### Data for this task
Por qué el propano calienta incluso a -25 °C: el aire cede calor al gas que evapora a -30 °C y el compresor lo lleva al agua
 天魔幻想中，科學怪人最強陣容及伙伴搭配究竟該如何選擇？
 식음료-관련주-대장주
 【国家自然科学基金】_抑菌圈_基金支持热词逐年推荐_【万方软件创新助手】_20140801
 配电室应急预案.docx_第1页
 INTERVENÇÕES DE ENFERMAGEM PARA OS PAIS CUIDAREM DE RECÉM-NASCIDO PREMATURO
######
Exercise goal: Would you write out all of the data exactly as given?

Result below:
Por qué el propano calienta incluso a -25 °C: el aire cede calor al gas que evapora a -30 °C y el compresor lo lleva al agua
 天魔幻想中，科學怪人最強陣容及伙伴搭配究竟該如何選擇？
 식음료-관련주-대장주
 【国家自然科学基金】_抑菌圈_基金支持热词逐年推荐_【万方软件创新助手】_20140801
 配电室应急预案.docx_第1页
 INTERVENÇÕES DE ENFERMAGEM PARA OS PAIS CUIDAREM DE RECÉM-NASCIDO PREMATURO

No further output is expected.